Quantum Class 19, Thu 2022-11-17

W Randolph Franklin (WRF), Rensselaer Polytechnic Institute (RPI)

It is possible to succeed after RPI.

1.1 Tony Tether

Tony Tether IIRC, the longest serving DARPA Director. He initiated the 2004 DARPA_Grand_Challenge that spurred the development of autonomous vehicles.

1.3 Ed Zander

COO Sun, CEO Motorola.

https://en.wikipedia.org/wiki/Edward_Zander

2 General programming tips

2.1 Unionfs

aka overlay FS, translucent FS.
If a, b are directories, and m is an empty directory, then

unionfs -o cow a=RW:b m

makes m to be a combo of a and b, with a being higher priority
Writing a file into m writes it in a.
Changing a file in b writes the new version into a
Deleting a file in b causes a white-out note to be stored in a.
Unmount it thus:

fusermount -u m
None of this requires superuser.
Application: making a read-only directory into a read-write directory.
Note: IBM had a commercial version of this idea in its CP/CMS OS in the 1960s.
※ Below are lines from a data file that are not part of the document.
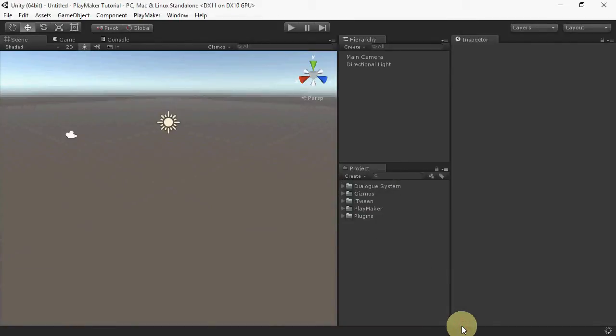Let's use the Quick Start scene. If you haven't gone through the Quick Start yet, I recommend doing that first to get an overview of how the Dialog System works.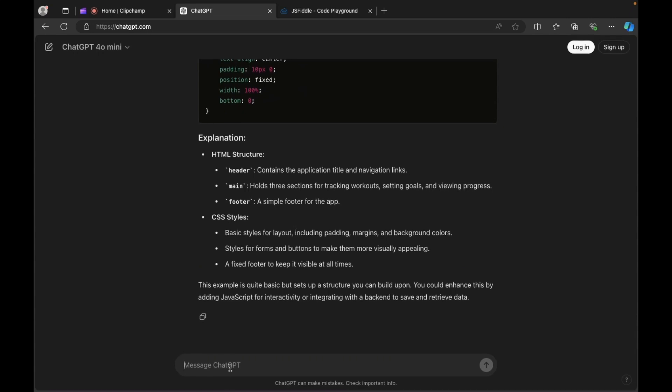So what I'll do is I'll write the following: write code, let's remove these, include JavaScript, HTML, and CSS in one file. Okay, and using local storage in JavaScript, okay, create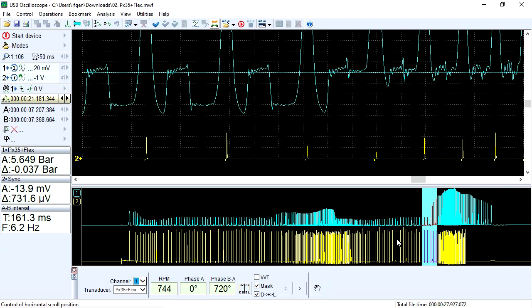Several cycles of the in-cylinder pressure graph before the throttle opens are displayed, and several cycles after the throttle is completely opened.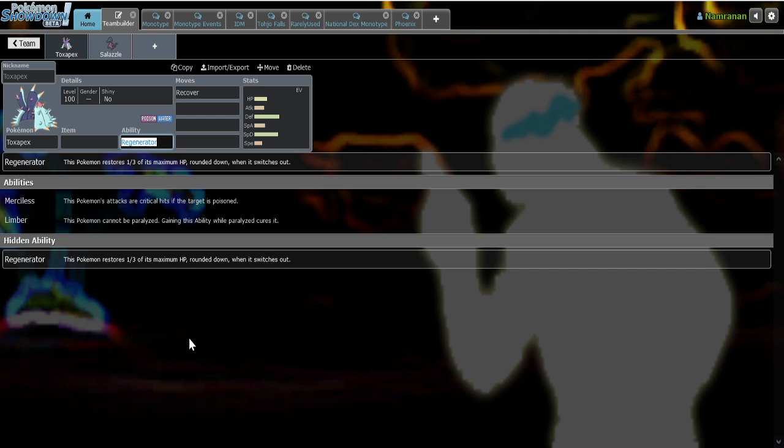I feel like if we didn't get Pokémon like Toxapex and Celesteela in Gen 7, the power creep would have gotten to the point where it would have become a very HO-centered metagame because even though we still have Pokémon like Blissey and Skarmory, I do feel like having more walls makes team building a lot more unique and a lot more free.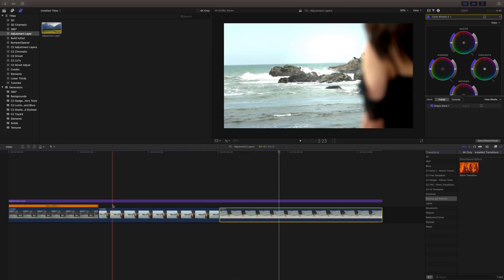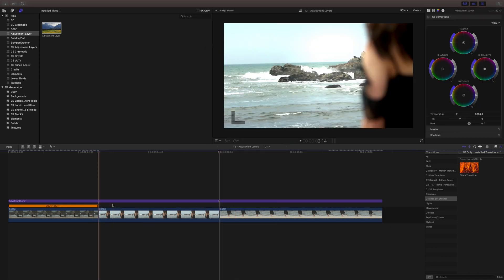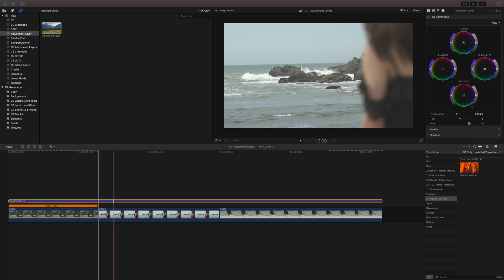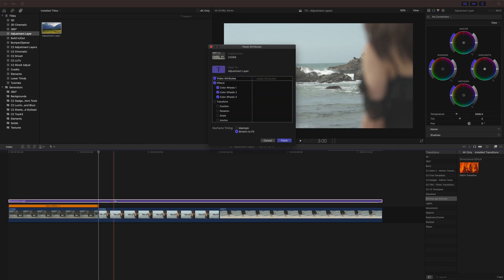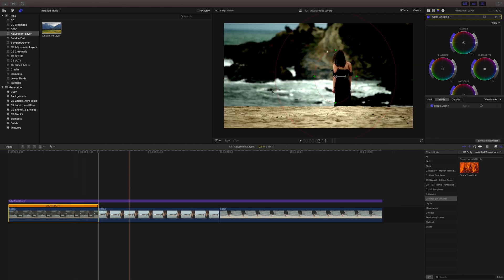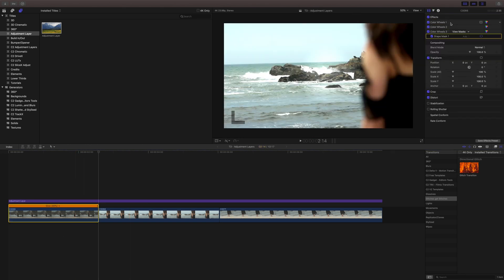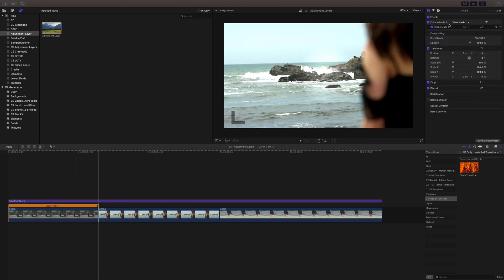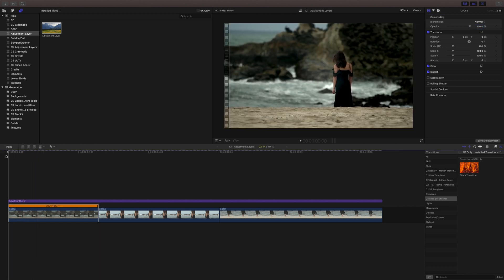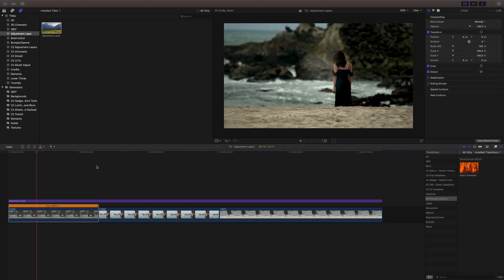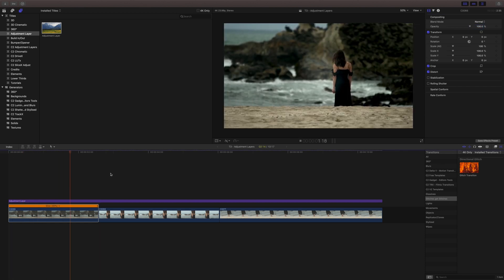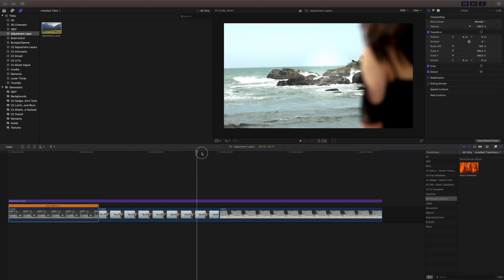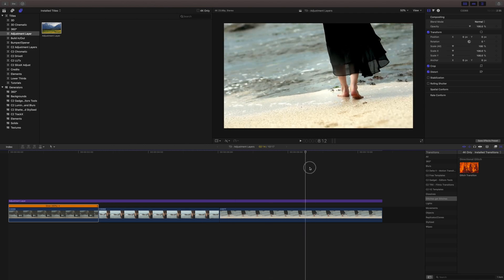We can actually get rid of that. We'll paste our grade onto the adjustment layer, and I will actually remove the grade I did on that first clip. So now this grade has been added onto all three of these clips.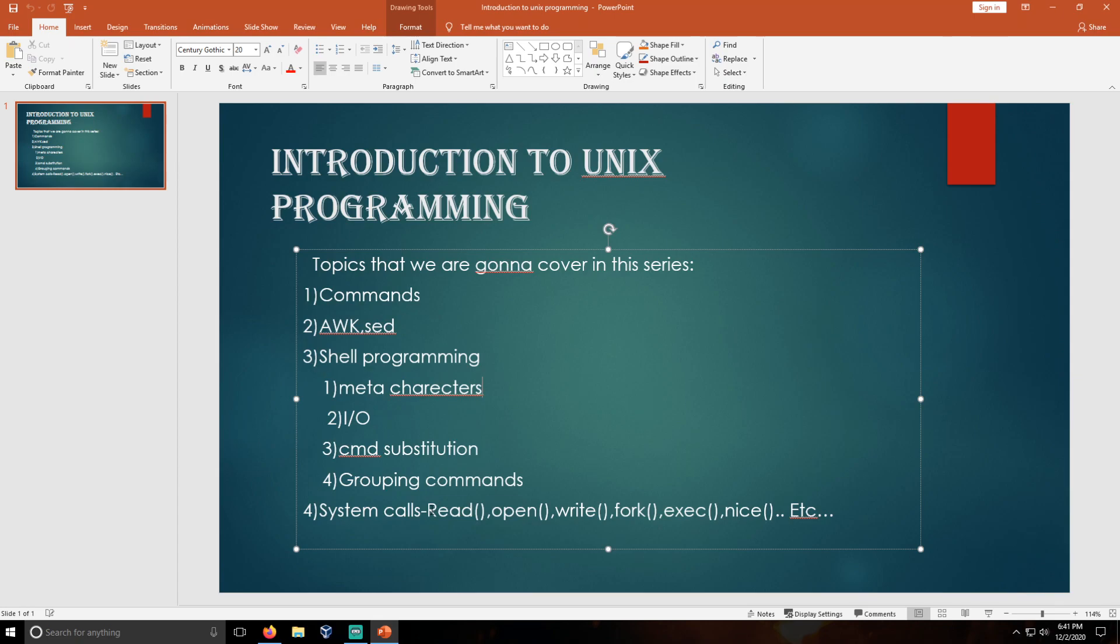We are going to deal with file system calls like read, open, write, lseek, fseek. Those are the file system calls that we are going to discuss.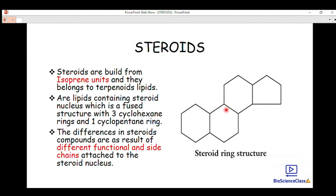The differences between steroid compounds are the result of different functional groups and side chains attached to the steroid nucleus. The steroid nucleus is the basic structure every steroid must have, but the variation comes from the functional groups and side chains — including methyl groups and other substituents — attached to the cyclohexane units.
2.2 Types of virtualization

There are many possible levels of virtualization.
At a low level, one might emulate the HW. This is quite flexible but too slow.
At a higher level, a basic OS runs separate virtual machines, each with its own file system.
1. Harmless machine instructions execute normally.
2. Powerful ones are trapped and emulated.
3. This requires a properly designed instruction set.
4. IBM has been doing this commercially for 40 years, with something originally called CP/CMS.
  
  I think that IBM lucked out with their instruction set design, and didn't plan it.
5. Well-behaved clients might have problematic code edited before running, to speed the execution.
  
  I think that Vmware does that.
6. It seems that compute-intensive clients might have almost no overhead.
7. However, the emulated file system can be pretty slow.
8. With Vmware, several clients can all be different OSs, and the host can be any compatible OS.
9. E.g., I've had a linux vmware host simultaneously running both linux and windows clients.
In linux, root no longer has infinite power.
The next level of virtualization has an nontrivial host OS, but separates the clients from each other.
1. They see a private view of the process space, file system, and other resources.
2. This is lighter weight, e.g., quicker to start a VM and less overhead.
3. The host and client must be the same OS.
4. This might be called paravirtualization.
5. Linux supports this with things like namespace isolation and control groups (cgroups). Wikipedia et al describe this.
6. Ubuntu snaps do something like this.
  
  E.g., firefox is distributed as a snap to increase isolation and security.
  
  However starting firefox now takes 15 sec.
The next level up is the normal linux security.
1. You can see all the processes and similar resources.
2. The file system has the usual protections.
3. This is hard to make secure when doing something complicated.
4. How do I protect myself from firefox going bad?
5. It's easy to describe what it should be allowed to do, but almost impossible to implement.
6. That includes using apparmor etc.
Who guards the guards? I get spammed at a unique address that I used only to register with apparmor.
In theory, packaging an app in a virtual machine has fewer dependencies and is more secure.
You can run the vm w/o changes on different hosts.
A Vmware client can run w/o change on both linux and windows hosts.
You can run a client on your own hardware, then spill over to a commercial cloudy platform when necessary.

2.3 Docker

Docker is a popular lightweight virtualization system, which Nvidia uses to distribute SW.
Docker runs images that define virtual machines.
Docker images share resources with the host, in a controlled manner.
For simple images, which is not nvidia/cuda, starting the image is so cheap that you can do it to run one command, and encapsulate the whole process in a shell function.
Docker is worth learning, apart from its use by Nvidia for parallel computing. You might also look up Kubernetes.
More info:

2.4 Several forms of C++ functions

Traditional top level function

auto add(int a, int b) { return a+b;}

You can pass this to a function. This really passes a pointer to the function. It doesn't optimize across the call.

These have global scope.
Note auto. It's underused.
Overload operator() in a new class

Each different variable of the class is a different function. The function can use the variable's value. This is a closure.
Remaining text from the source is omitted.